> [WHAT TO DO]: The whole listing should be written out again exactly.
─── INPUT DATA
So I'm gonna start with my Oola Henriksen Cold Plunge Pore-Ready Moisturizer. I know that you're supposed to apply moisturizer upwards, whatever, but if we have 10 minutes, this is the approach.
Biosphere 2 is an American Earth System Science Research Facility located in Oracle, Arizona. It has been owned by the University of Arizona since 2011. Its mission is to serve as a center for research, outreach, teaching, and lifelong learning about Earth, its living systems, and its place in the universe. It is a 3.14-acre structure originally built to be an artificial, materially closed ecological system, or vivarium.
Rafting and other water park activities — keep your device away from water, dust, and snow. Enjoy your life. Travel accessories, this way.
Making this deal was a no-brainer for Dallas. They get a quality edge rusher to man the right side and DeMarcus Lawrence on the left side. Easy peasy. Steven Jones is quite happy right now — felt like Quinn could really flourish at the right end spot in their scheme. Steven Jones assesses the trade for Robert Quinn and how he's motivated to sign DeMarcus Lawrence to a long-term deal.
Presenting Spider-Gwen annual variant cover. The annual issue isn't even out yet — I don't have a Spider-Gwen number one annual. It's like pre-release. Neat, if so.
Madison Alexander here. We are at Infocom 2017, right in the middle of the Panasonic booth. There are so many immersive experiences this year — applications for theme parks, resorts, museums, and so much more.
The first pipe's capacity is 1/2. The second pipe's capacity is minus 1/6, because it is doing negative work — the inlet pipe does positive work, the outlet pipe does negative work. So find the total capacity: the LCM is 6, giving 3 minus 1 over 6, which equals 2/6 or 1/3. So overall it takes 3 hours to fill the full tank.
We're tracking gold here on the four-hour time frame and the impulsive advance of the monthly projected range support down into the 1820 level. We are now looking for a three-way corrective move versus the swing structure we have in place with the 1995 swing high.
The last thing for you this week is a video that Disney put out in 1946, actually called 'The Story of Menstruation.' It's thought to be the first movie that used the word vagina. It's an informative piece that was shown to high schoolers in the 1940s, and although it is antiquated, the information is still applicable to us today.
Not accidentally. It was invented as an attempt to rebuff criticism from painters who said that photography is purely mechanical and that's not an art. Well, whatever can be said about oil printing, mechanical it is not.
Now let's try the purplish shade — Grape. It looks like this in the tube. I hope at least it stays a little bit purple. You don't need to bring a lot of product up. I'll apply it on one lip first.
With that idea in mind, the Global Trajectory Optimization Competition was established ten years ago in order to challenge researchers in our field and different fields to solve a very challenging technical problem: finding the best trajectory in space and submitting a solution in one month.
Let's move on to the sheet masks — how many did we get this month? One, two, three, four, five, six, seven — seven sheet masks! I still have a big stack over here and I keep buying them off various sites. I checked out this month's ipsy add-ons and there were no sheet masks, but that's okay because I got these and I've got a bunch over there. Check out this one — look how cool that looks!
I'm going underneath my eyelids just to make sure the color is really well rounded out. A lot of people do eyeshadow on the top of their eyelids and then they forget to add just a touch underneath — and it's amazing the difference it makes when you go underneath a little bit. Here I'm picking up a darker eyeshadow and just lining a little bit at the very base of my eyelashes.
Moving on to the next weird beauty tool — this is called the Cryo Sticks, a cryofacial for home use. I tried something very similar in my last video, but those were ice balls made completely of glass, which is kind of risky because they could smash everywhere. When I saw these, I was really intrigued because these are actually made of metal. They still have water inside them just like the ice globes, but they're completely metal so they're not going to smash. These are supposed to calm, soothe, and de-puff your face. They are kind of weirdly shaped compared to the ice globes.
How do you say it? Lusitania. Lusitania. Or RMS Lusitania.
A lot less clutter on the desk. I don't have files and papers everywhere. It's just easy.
──────
> [OUTPUT FOR THIS TASK]:
So I'm gonna start with my Oola Henriksen Cold Plunge Pore-Ready Moisturizer. I know that you're supposed to apply moisturizer upwards, whatever, but if we have 10 minutes, this is the approach.
Biosphere 2 is an American Earth System Science Research Facility located in Oracle, Arizona. It has been owned by the University of Arizona since 2011. Its mission is to serve as a center for research, outreach, teaching, and lifelong learning about Earth, its living systems, and its place in the universe. It is a 3.14-acre structure originally built to be an artificial, materially closed ecological system, or vivarium.
Rafting and other water park activities — keep your device away from water, dust, and snow. Enjoy your life. Travel accessories, this way.
Making this deal was a no-brainer for Dallas. They get a quality edge rusher to man the right side and DeMarcus Lawrence on the left side. Easy peasy. Steven Jones is quite happy right now — felt like Quinn could really flourish at the right end spot in their scheme. Steven Jones assesses the trade for Robert Quinn and how he's motivated to sign DeMarcus Lawrence to a long-term deal.
Presenting Spider-Gwen annual variant cover. The annual issue isn't even out yet — I don't have a Spider-Gwen number one annual. It's like pre-release. Neat, if so.
Madison Alexander here. We are at Infocom 2017, right in the middle of the Panasonic booth. There are so many immersive experiences this year — applications for theme parks, resorts, museums, and so much more.
The first pipe's capacity is 1/2. The second pipe's capacity is minus 1/6, because it is doing negative work — the inlet pipe does positive work, the outlet pipe does negative work. So find the total capacity: the LCM is 6, giving 3 minus 1 over 6, which equals 2/6 or 1/3. So overall it takes 3 hours to fill the full tank.
We're tracking gold here on the four-hour time frame and the impulsive advance of the monthly projected range support down into the 1820 level. We are now looking for a three-way corrective move versus the swing structure we have in place with the 1995 swing high.
The last thing for you this week is a video that Disney put out in 1946, actually called 'The Story of Menstruation.' It's thought to be the first movie that used the word vagina. It's an informative piece that was shown to high schoolers in the 1940s, and although it is antiquated, the information is still applicable to us today.
Not accidentally. It was invented as an attempt to rebuff criticism from painters who said that photography is purely mechanical and that's not an art. Well, whatever can be said about oil printing, mechanical it is not.
Now let's try the purplish shade — Grape. It looks like this in the tube. I hope at least it stays a little bit purple. You don't need to bring a lot of product up. I'll apply it on one lip first.
With that idea in mind, the Global Trajectory Optimization Competition was established ten years ago in order to challenge researchers in our field and different fields to solve a very challenging technical problem: finding the best trajectory in space and submitting a solution in one month.
Let's move on to the sheet masks — how many did we get this month? One, two, three, four, five, six, seven — seven sheet masks! I still have a big stack over here and I keep buying them off various sites. I checked out this month's ipsy add-ons and there were no sheet masks, but that's okay because I got these and I've got a bunch over there. Check out this one — look how cool that looks!
I'm going underneath my eyelids just to make sure the color is really well rounded out. A lot of people do eyeshadow on the top of their eyelids and then they forget to add just a touch underneath — and it's amazing the difference it makes when you go underneath a little bit. Here I'm picking up a darker eyeshadow and just lining a little bit at the very base of my eyelashes.
Moving on to the next weird beauty tool — this is called the Cryo Sticks, a cryofacial for home use. I tried something very similar in my last video, but those were ice balls made completely of glass, which is kind of risky because they could smash everywhere. When I saw these, I was really intrigued because these are actually made of metal. They still have water inside them just like the ice globes, but they're completely metal so they're not going to smash. These are supposed to calm, soothe, and de-puff your face. They are kind of weirdly shaped compared to the ice globes.
How do you say it? Lusitania. Lusitania. Or RMS Lusitania.
A lot less clutter on the desk. I don't have files and papers everywhere. It's just easy.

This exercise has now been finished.